[Opening AVAILABLE DATA section]
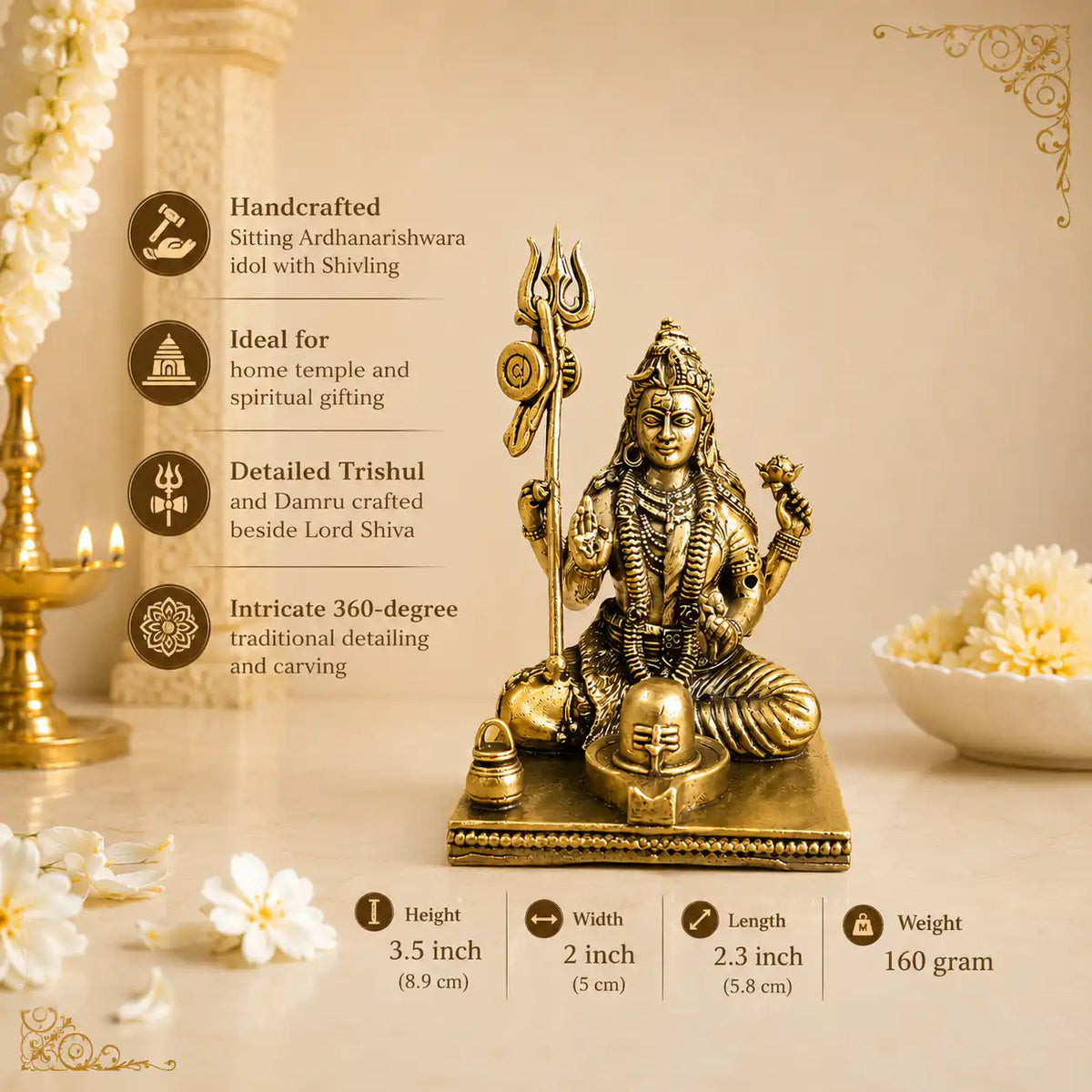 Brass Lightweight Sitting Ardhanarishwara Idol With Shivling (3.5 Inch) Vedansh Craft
[Closing AVAILABLE DATA section]
[Opening AVAILABLE DATA section]
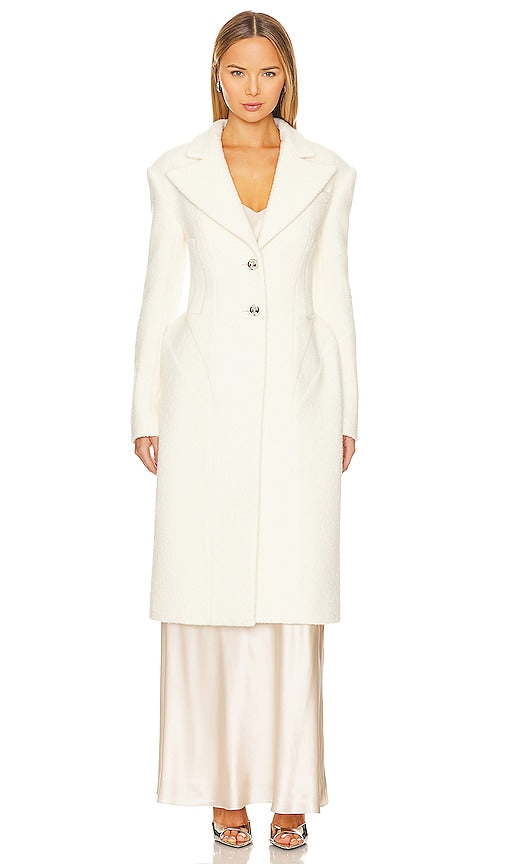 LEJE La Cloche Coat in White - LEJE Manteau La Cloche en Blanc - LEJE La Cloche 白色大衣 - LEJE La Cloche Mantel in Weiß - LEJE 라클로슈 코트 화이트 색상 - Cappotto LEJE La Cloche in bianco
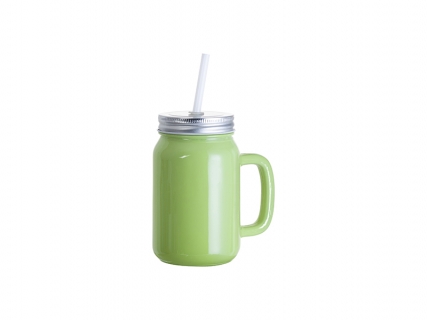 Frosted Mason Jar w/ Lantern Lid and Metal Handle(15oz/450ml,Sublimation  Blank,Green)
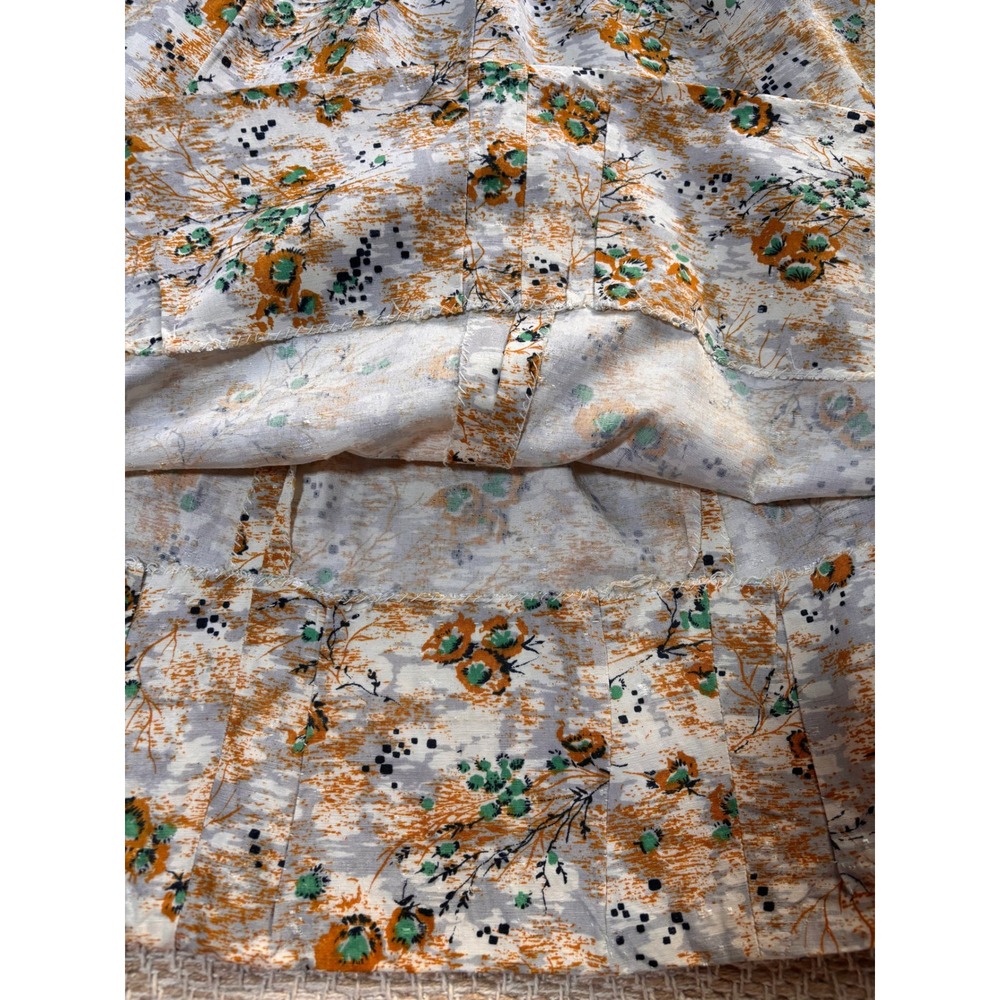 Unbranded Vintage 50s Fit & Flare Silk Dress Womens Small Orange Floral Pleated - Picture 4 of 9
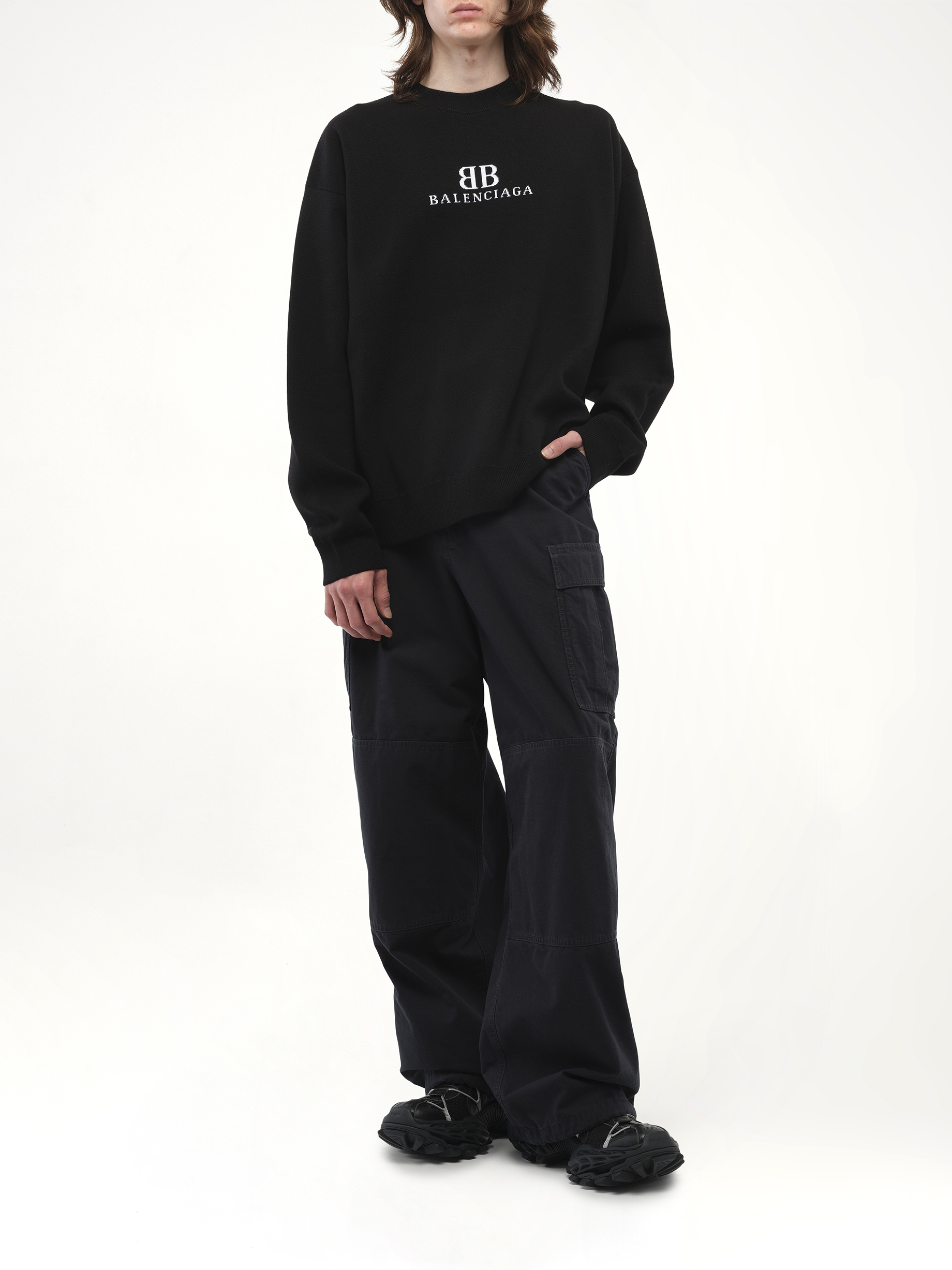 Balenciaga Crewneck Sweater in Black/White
[Closing AVAILABLE DATA section]
## TASK ITEM:
Look above for the line with "LEJE La Cloche Coat" and the line with "Balenciaga Crewneck Sweater in Black/White". Copy them and every line between, exactly, but no pictures.

## EXERCISE RESULT:
 LEJE La Cloche Coat in White - LEJE Manteau La Cloche en Blanc - LEJE La Cloche 白色大衣 - LEJE La Cloche Mantel in Weiß - LEJE 라클로슈 코트 화이트 색상 - Cappotto LEJE La Cloche in bianco
 Frosted Mason Jar w/ Lantern Lid and Metal Handle(15oz/450ml,Sublimation  Blank,Green)
 Unbranded Vintage 50s Fit & Flare Silk Dress Womens Small Orange Floral Pleated - Picture 4 of 9
 Balenciaga Crewneck Sweater in Black/White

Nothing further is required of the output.